DATA TO PROCESS Start Marker

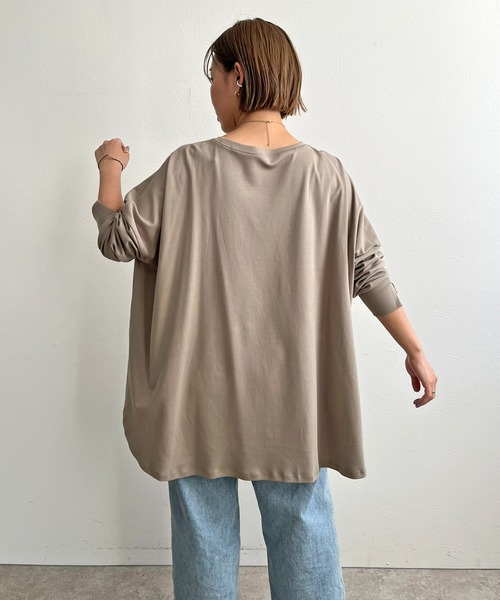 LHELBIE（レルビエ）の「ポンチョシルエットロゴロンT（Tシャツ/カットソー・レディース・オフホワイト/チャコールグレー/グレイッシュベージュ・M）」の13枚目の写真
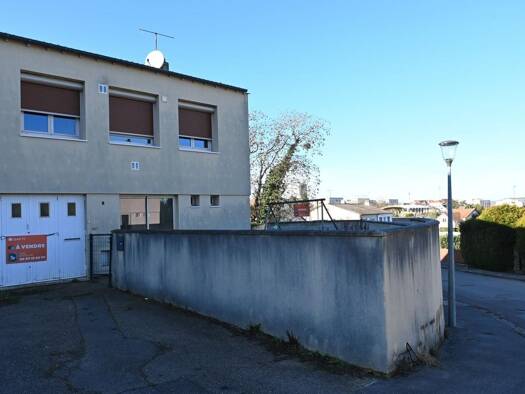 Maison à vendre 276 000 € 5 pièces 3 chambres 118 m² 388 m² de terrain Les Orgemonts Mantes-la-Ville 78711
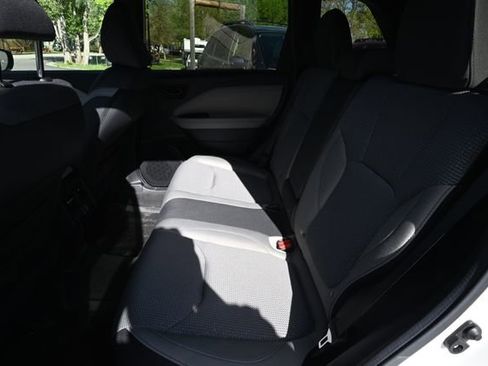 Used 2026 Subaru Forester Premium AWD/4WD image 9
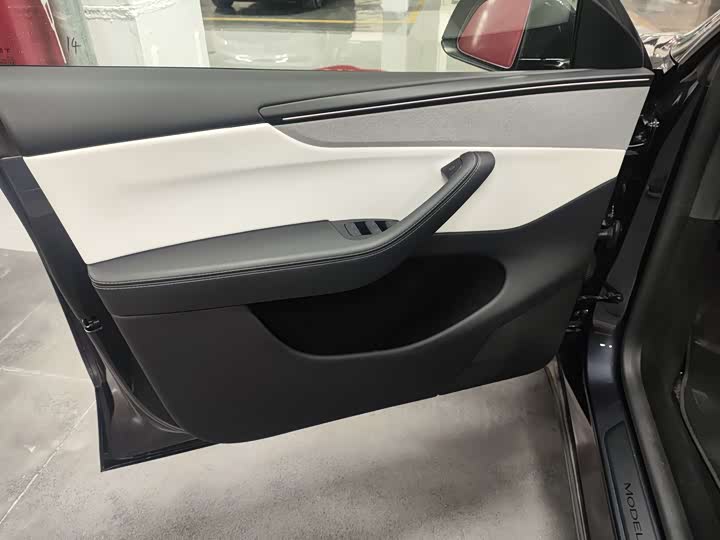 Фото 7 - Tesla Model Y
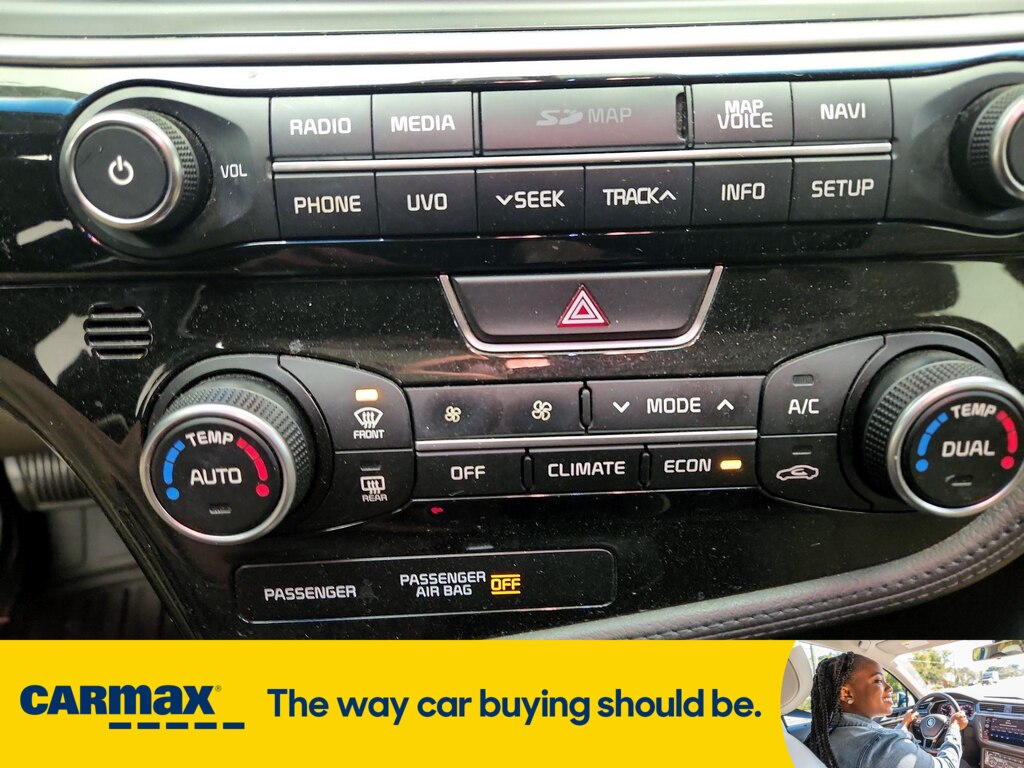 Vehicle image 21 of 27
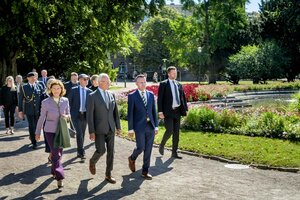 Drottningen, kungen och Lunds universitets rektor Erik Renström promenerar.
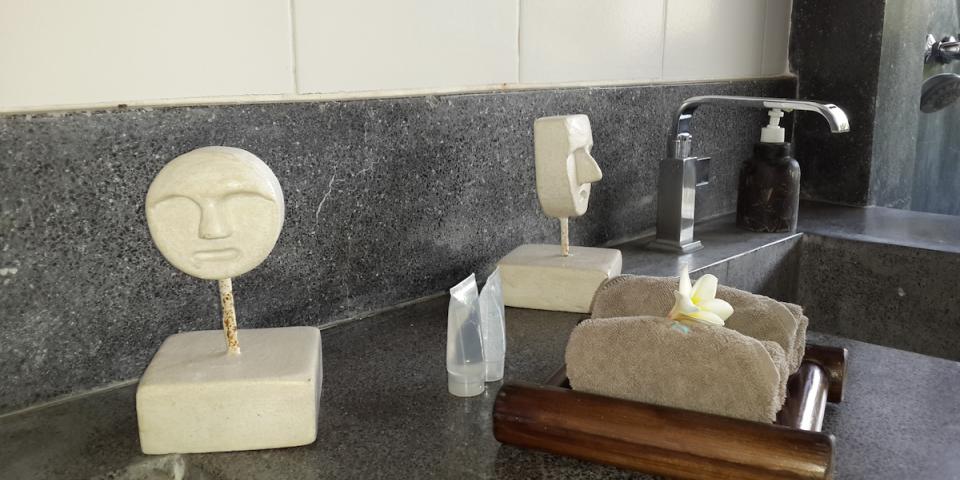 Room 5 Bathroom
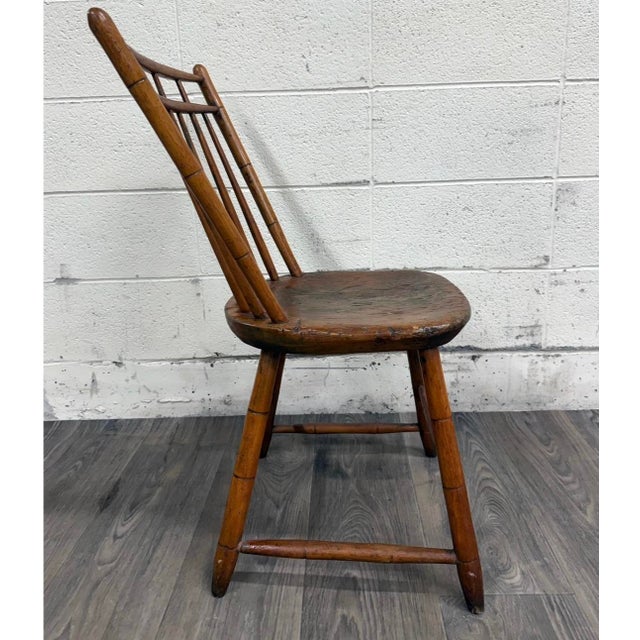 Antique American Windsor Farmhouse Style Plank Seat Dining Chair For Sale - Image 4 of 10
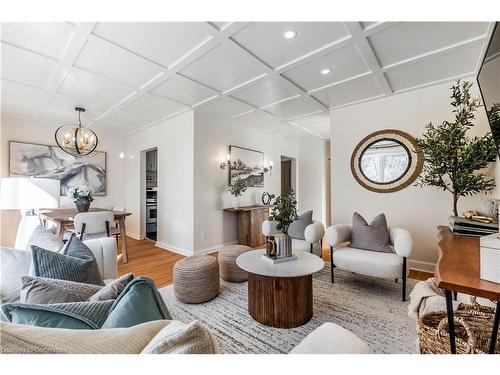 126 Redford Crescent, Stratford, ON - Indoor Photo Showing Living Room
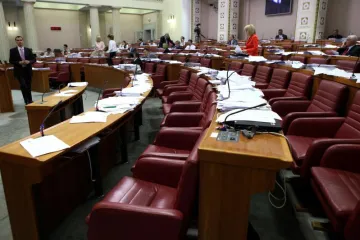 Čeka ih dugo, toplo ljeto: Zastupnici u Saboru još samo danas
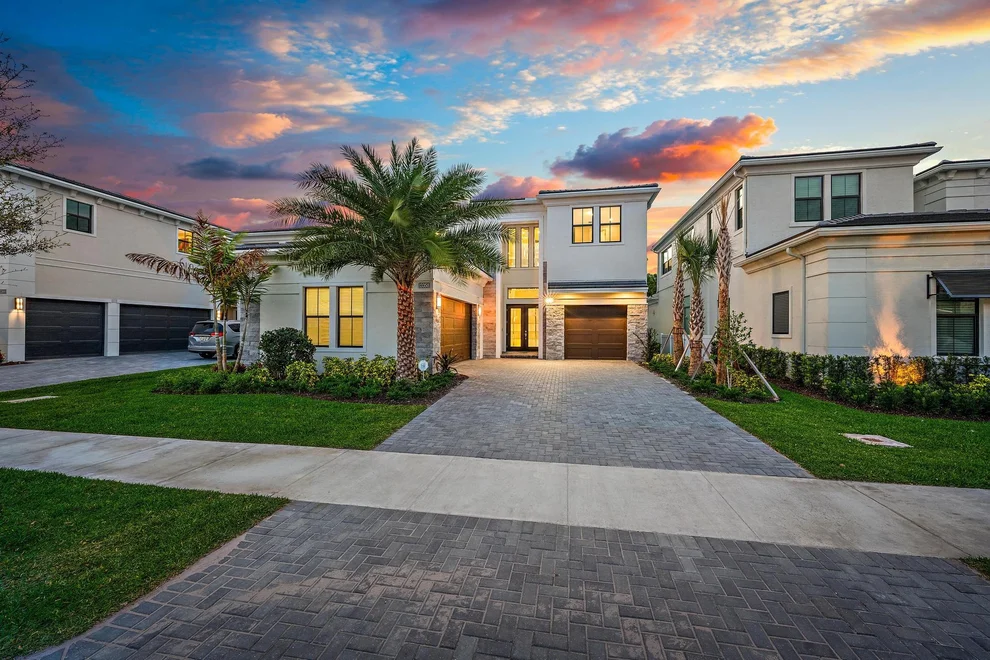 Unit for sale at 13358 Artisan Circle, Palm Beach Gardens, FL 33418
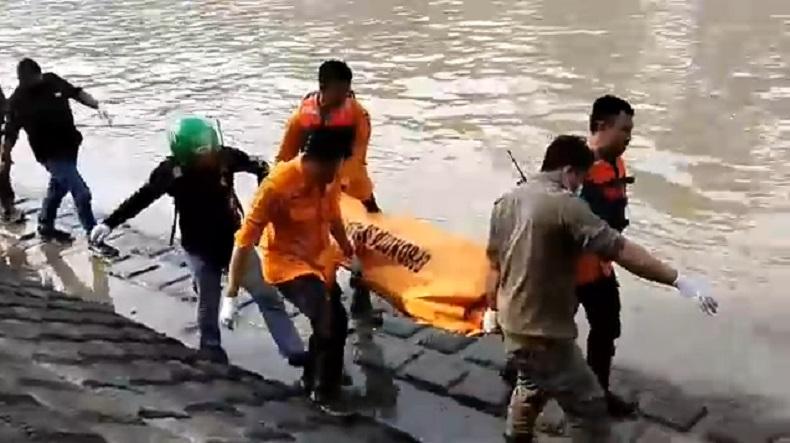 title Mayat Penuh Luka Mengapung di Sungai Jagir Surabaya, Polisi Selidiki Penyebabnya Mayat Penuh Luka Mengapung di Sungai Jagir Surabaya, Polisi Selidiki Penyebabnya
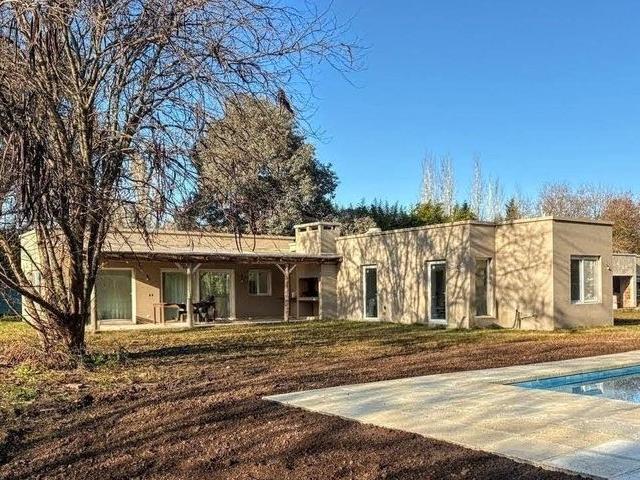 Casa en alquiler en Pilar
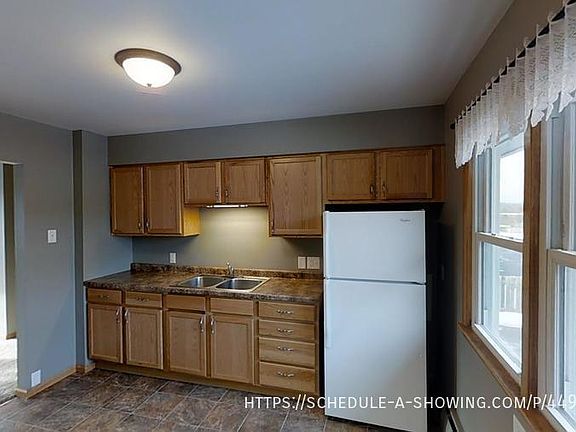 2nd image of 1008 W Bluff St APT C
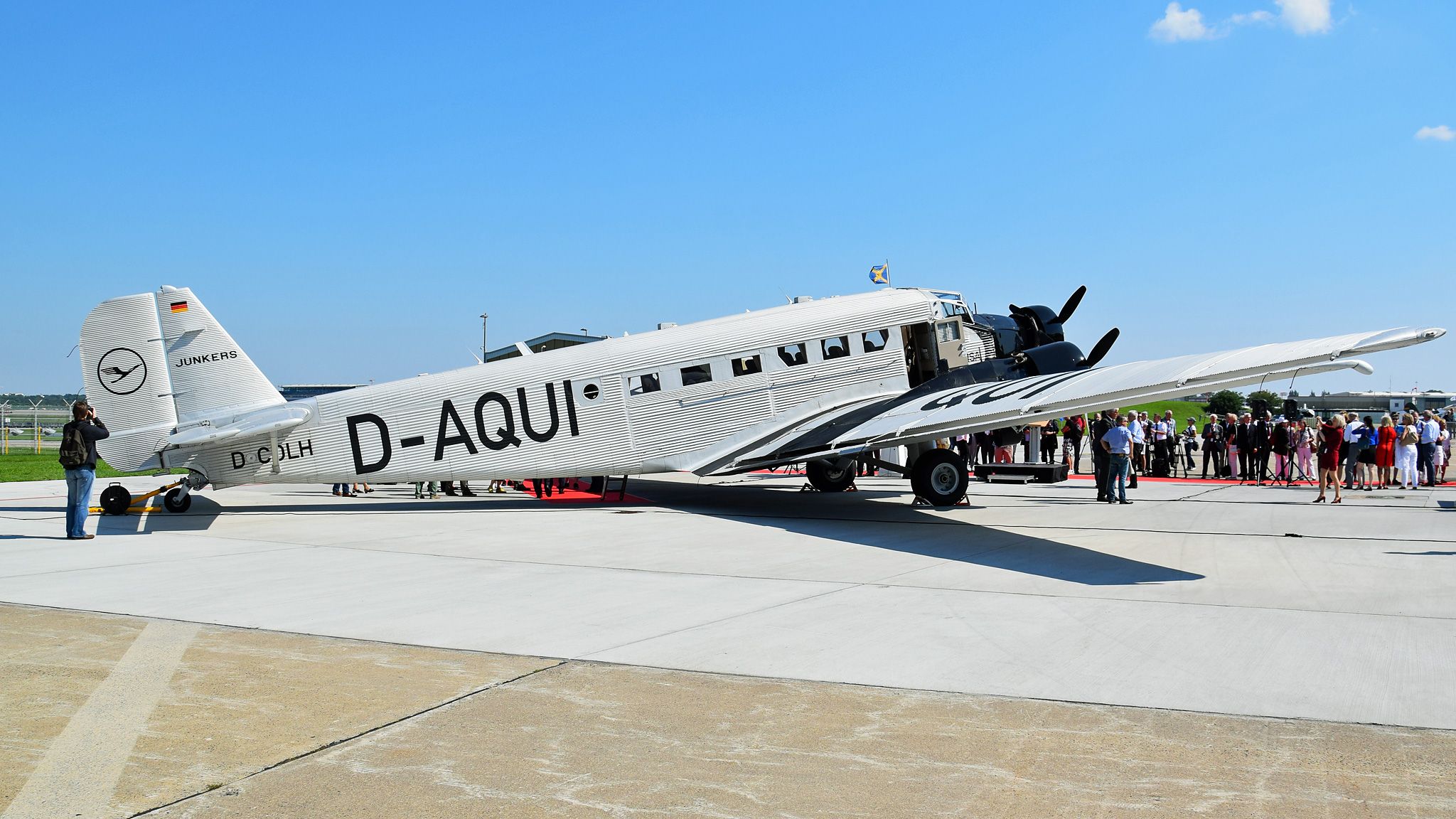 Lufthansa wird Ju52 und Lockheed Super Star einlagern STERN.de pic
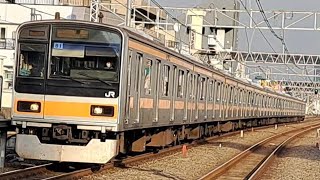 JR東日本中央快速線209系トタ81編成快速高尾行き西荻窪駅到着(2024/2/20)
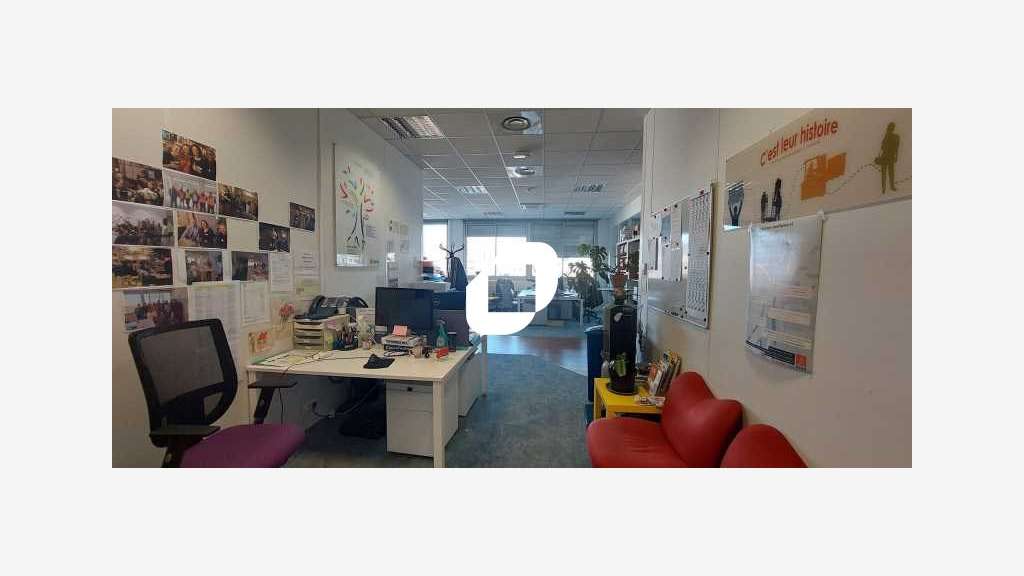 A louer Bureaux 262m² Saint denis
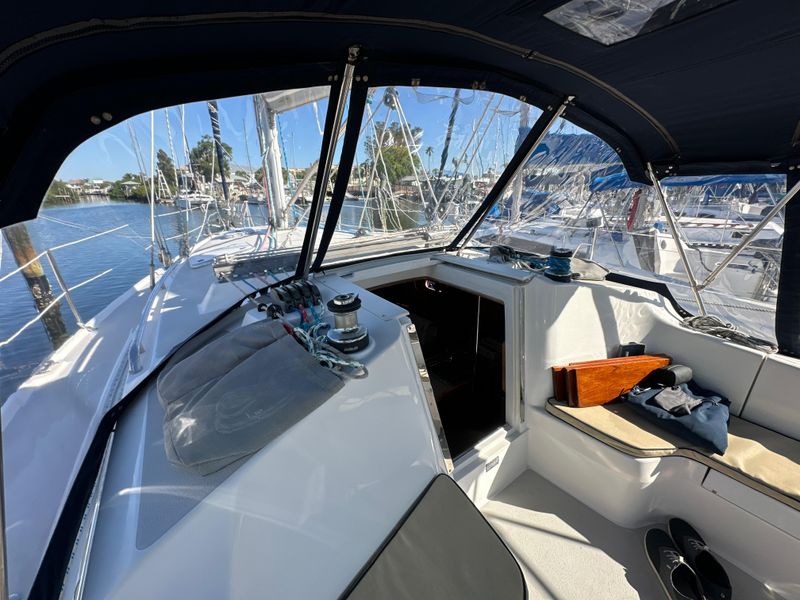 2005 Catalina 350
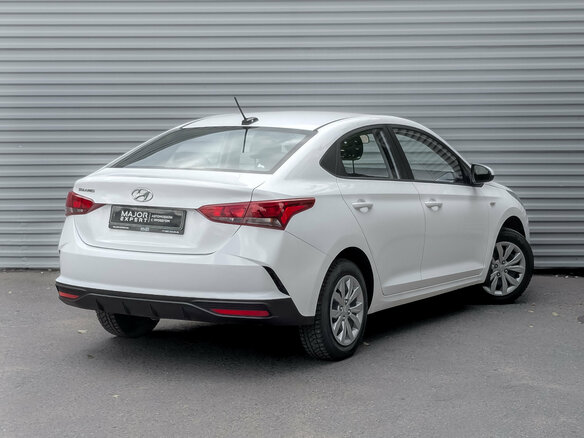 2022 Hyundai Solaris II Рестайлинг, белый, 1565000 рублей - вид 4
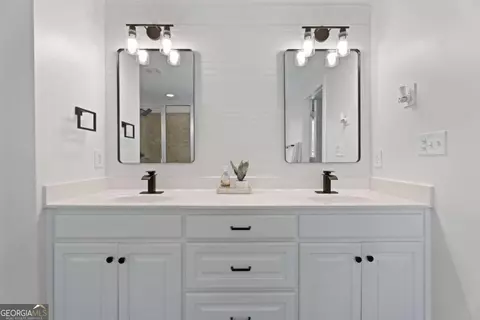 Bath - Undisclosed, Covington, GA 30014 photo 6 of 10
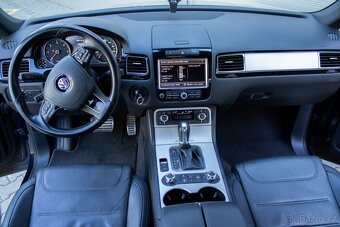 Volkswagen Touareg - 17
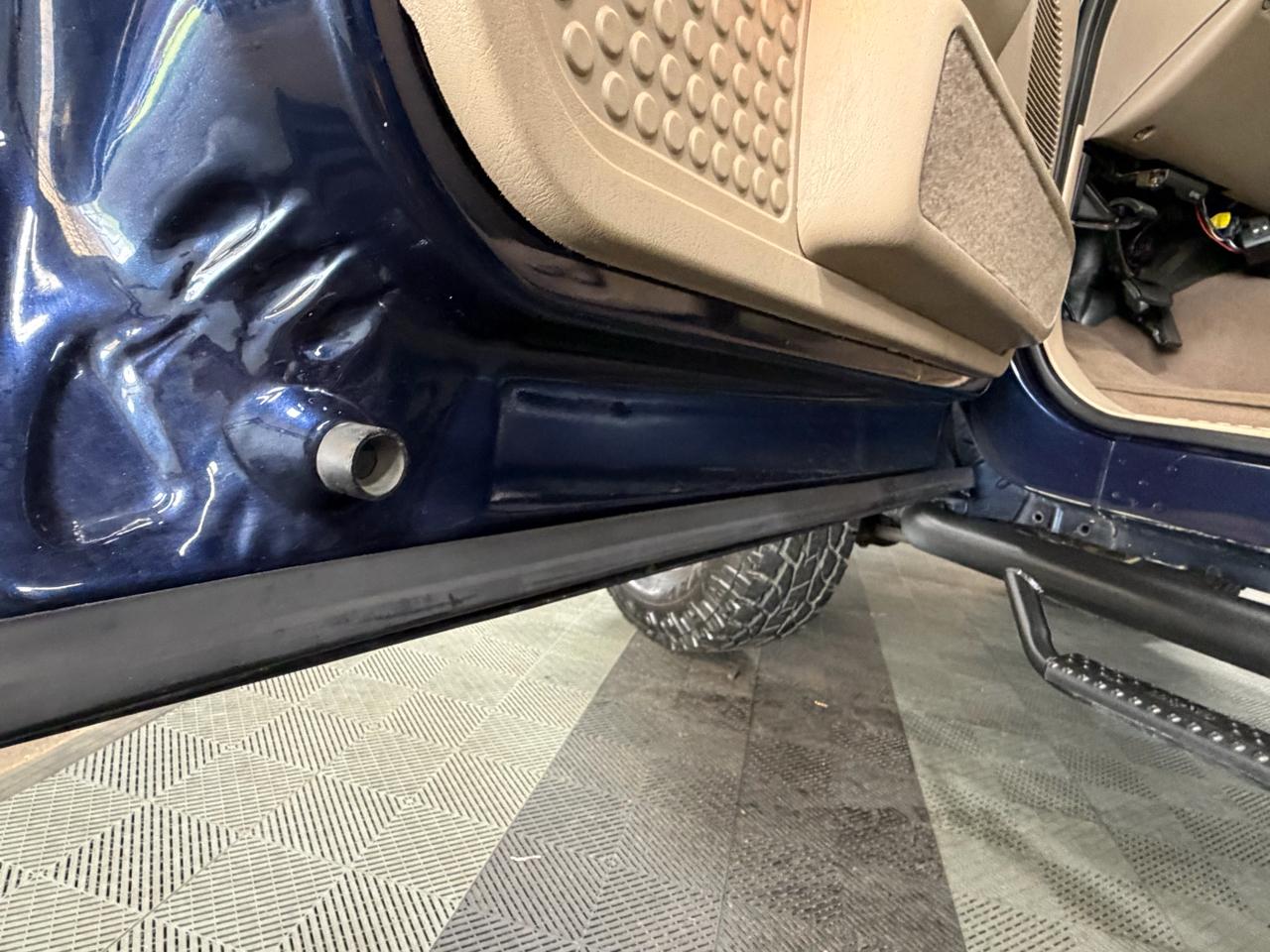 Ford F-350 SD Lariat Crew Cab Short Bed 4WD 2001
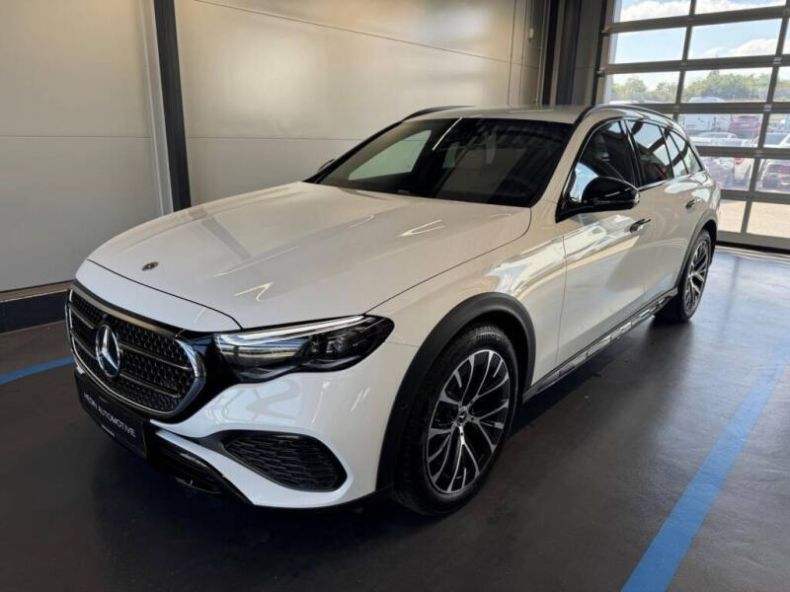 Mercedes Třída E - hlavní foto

DATA TO PROCESS End Marker

BRIEF: Transcribe, word for word, the stretch of lines in the data above from the one with "Фото 7 - Tesla Model Y" through the one with "Unit for sale"; omit all pictures.

EXERCISE OUTPUT:
 Фото 7 - Tesla Model Y
 Vehicle image 21 of 27
 Drottningen, kungen och Lunds universitets rektor Erik Renström promenerar.
 Room 5 Bathroom
 Antique American Windsor Farmhouse Style Plank Seat Dining Chair For Sale - Image 4 of 10
 126 Redford Crescent, Stratford, ON - Indoor Photo Showing Living Room
 Čeka ih dugo, toplo ljeto: Zastupnici u Saboru još samo danas
 Unit for sale at 13358 Artisan Circle, Palm Beach Gardens, FL 33418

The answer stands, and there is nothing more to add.